JT: I definitely think that's always been a part of it. To suggest that the ratings board is some pristine, religiously pure body which doesn't pay any attention to the size of the budget, the personality behind the movie, the studio or the distribution company is to engage in a fantasy life that nobody above the age of nine would take seriously. I would say that, in particular, I've had a rough time with the current head, Richard Mosk. I don't know that he still is; I sort of heard a rumor he isn't, which would be wonderful.

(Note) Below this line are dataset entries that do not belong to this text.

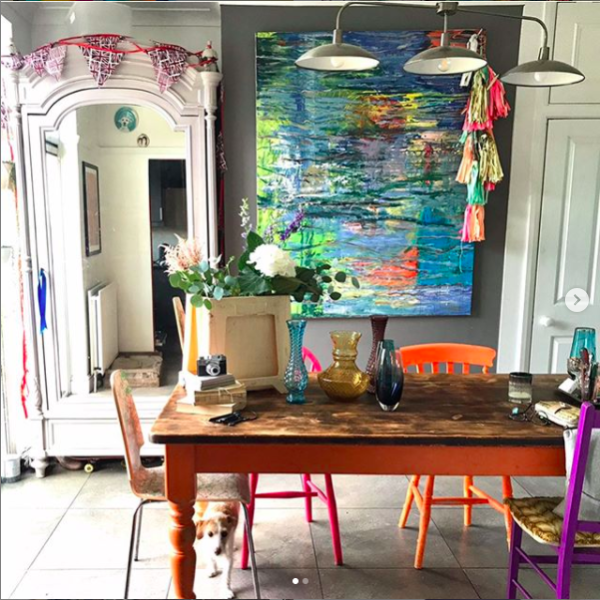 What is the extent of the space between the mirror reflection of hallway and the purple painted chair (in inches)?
75.4

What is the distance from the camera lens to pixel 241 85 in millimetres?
3072

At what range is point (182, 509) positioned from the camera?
5.37ft

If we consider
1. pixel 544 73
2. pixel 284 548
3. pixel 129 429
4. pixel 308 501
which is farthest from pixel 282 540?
pixel 544 73

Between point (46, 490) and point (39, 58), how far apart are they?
84.7 inches

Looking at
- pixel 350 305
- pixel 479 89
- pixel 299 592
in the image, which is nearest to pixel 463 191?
pixel 479 89

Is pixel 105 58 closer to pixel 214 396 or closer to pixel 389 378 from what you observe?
pixel 214 396

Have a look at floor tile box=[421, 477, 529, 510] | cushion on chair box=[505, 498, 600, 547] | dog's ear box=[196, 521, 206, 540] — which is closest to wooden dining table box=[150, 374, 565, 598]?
cushion on chair box=[505, 498, 600, 547]

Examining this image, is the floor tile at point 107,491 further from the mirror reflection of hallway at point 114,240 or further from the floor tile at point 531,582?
the floor tile at point 531,582

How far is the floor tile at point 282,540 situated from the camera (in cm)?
232

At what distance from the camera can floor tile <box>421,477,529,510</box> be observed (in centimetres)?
292

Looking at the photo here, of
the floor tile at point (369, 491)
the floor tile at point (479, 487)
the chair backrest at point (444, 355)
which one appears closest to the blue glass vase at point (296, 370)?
the chair backrest at point (444, 355)

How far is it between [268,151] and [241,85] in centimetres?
38

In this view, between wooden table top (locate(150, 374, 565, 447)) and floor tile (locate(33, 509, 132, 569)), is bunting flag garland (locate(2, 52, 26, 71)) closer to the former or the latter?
wooden table top (locate(150, 374, 565, 447))

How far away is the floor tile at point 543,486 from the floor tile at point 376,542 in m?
0.70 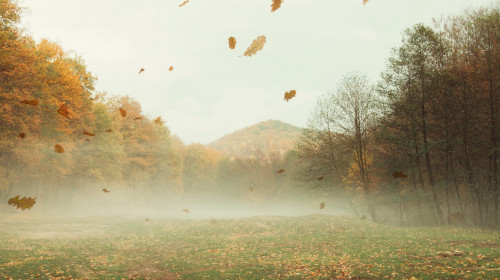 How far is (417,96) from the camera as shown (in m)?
29.8

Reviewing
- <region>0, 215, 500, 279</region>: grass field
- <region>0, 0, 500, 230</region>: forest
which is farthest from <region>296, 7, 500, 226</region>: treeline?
<region>0, 215, 500, 279</region>: grass field

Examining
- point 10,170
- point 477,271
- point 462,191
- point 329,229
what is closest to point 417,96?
point 462,191

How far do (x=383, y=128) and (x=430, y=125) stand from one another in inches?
161

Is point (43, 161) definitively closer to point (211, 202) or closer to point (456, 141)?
point (456, 141)

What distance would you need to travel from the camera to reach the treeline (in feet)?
85.8

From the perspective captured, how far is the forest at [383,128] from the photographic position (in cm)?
2622

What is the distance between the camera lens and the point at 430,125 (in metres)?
29.2

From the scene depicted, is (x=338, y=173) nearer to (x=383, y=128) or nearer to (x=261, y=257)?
(x=383, y=128)

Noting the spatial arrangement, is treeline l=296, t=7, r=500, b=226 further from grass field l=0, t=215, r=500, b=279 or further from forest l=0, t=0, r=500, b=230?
grass field l=0, t=215, r=500, b=279

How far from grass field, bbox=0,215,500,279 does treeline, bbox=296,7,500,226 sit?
7.41 meters

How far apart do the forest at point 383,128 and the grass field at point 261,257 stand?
561 centimetres

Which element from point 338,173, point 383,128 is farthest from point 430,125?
point 338,173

I didn't have the time, luxury or moral inclination to play the game that shrewder and smarter directors play, which is to submit a cut which they know is unacceptable and then bargain down to a cut that they actually want. I haven't done that. I think they sort of expect you to do that. And when you give them a movie and say 'This is it,' they don't believe it. They think 'Well he's got to be ready to cut this, this and this.' But I haven't done that and as a result we've bumped heads. Also, you get a reputation and people I think are sometimes seeing things they're not really seeing. If you look at Two Girls and a Guy and then you compare it to Boogie Nights, which they'd rated two or three weeks earlier. I mean the idea that I got I think 12 NC-17s before I got an R with that movie and Boogie Nights got an R?
MM: What is the most number of edits you've ever had to do to get down to an R rating?
JT: I think I did about 14 or 15 on Two Girls and a Guy. I did about 13 on Fingers.
MM: Has it become easier for you to figure out what will get an R rating and what will garner an NC-17?
JT: It has but I refuse to allow myself to think that way because then you start censoring yourself, which is exactly what they want you to do and something they've been very successful in doing. It's been subtle but the NC-17 rating is now an illegitimate rating; the X didn't used to be. Midnight Cowboy was an X, Carnal Knowledge was an X, Last Tango in Paris was an X. It was perfectly legitimate to go with an X and studios would distribute movies with an X-happily!
MM: They'd win Oscars with an X!
JT: That's right. And now, NC-17 is a phony rating. They know you can't do it. you can't show it in theaters; the malls won't show it. And everybody blames somebody else. The studios say 'Well the owners of the theaters in the malls won't do it.' And the directors say 'Well the studio won't do it.'
It used to be in the '70s that writers and directors were creating the movies; in the '80s and '90s, agents were creating movies; now studios are creating movies. And they're getting desperately ambitious, endlessly greedy writers and directors to say 'Just tell us what you want and we'll do it.' And actors as well. And listen, it's seductive; it's the way the game is played. And to say I'm going to play on my channel is an invitation to a head fracture from banging your head against the wall year after year, but to me there's not really a hell of a lot of choice. Because you can't, at least I can't, do what I don't believe in. It's hard to convince oneself that there is an adherent virtue in doing Batman 5 or Lethal Weapon 13.